C’est comme si les jeunes Français décidaient de voter Chevènement. Ron Paul, candidat libertarien à l’investiture du parti républicain à la présidentielle américaine, a beau avoir presque 80 ans, il est l’idole des républicains de 18-29 ans.

Lors du caucus de l’Iowa et de la primaire du New Hampshire, les deux premiers scrutins du processus de désignation du candidat républicain, il a respectivement engrangé 48% – plus que n’importe quel autre candidat – et 47% des votes des électeurs de moins de 30 ans. Paul doit ces bons scores à ses jeunes supporters, qui constituent de loin la tranche d’âge de son électorat la plus mobilisée autour de sa candidature.

Les médias se confondent en hypothèses pour expliquer comment le septuagénaire, arrière grand-père, peut plaire autant aux jeunes. Ron Paul est vétéran de la politique américaine. Depuis 1988, ce parlementaire texan, ancien obstétricien-gynéco qui se vante d’avoir mis au monde 4.000 bébés, tente de devenir président. Anti-avortement jusqu’au bout des ongles, il veut mettre un terme à toute présence militaire américaine à l’étranger. Il se veut aussi un défenseur acharné des libertés, ce qui explique notamment qu’il rejette l’interventionnisme étatique dans tous les domaines (économie, vie privée…).  Anecdotiquement, il soutient la légalisation du hashish.

Les mauvaises langues prétendent que cette dernière prise de position explique en grande partie le soutien de la jeunesse. Mais un article de l’agence de presse Associated Press indiquait que la préoccupation numéro 1 des jeunes électeurs dans l’Iowa et le New Hampshire était l’emploi, et non la liberté de fumer.
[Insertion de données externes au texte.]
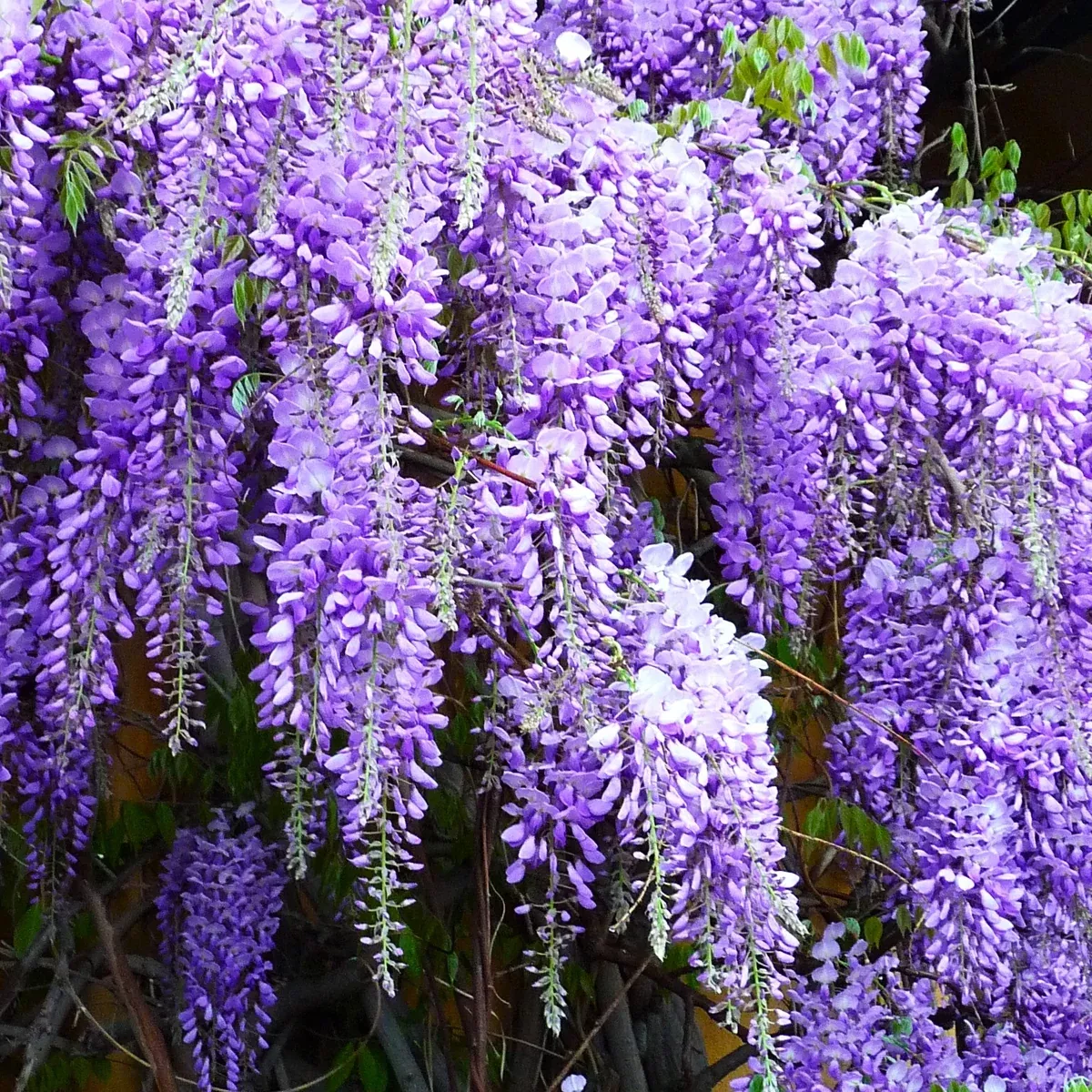 Blue Chinese Wisteria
L’article suggère qu’ils voient dans le « moins d’Etat » proposé par Paul une solution à l’endettement du pays et la crise économique.

« La Liberté est une idée magnifique, c’est pour cela que je suis excité. Mais je suis vraiment excité quand je vois des jeunes le dire », a-t-il dit lors de son discours post-primaire dans le New Hampshire.

Le style Ron Paul séduit aussi : le même message peu orthodoxe, martelé depuis des années sans « peut-être » ni «  à condition que » et qui fait oublier qu’il appartient au système qu’il dénonce. Sans oublier son allure décontractée – l’effet de l’âge ? –. « Si vous n’aimez pas Washington, c’est le gars qui parait le plus en dehors du système de tous les candidats. Certes, il est membre du Congrès, mais il ne ressemble pas à un politique de Washington, n’agit pas comme un politique… », souligne Tray Grayson, directeur  de l’institut politique d’Harvard (IOP) qui a récemment réalisé un sondage sur le vote des 18-29 ans.

N’en déplaise à ses supporters, Ron Paul n’est pas le favori pour affronter Barack Obama en novembre. C’est Mitt Romney, le Mormon, qui a la corde pour l’instant. Aussi flatteur que soit le titre de champion des jeunes, Ron Paul sait que cela ne fera pas nécessairement de lui le prochain Obama. Car aux Etats-Unis comme en France, les jeunes sont souvent ceux qui s’abstiennent le plus le « jour J ».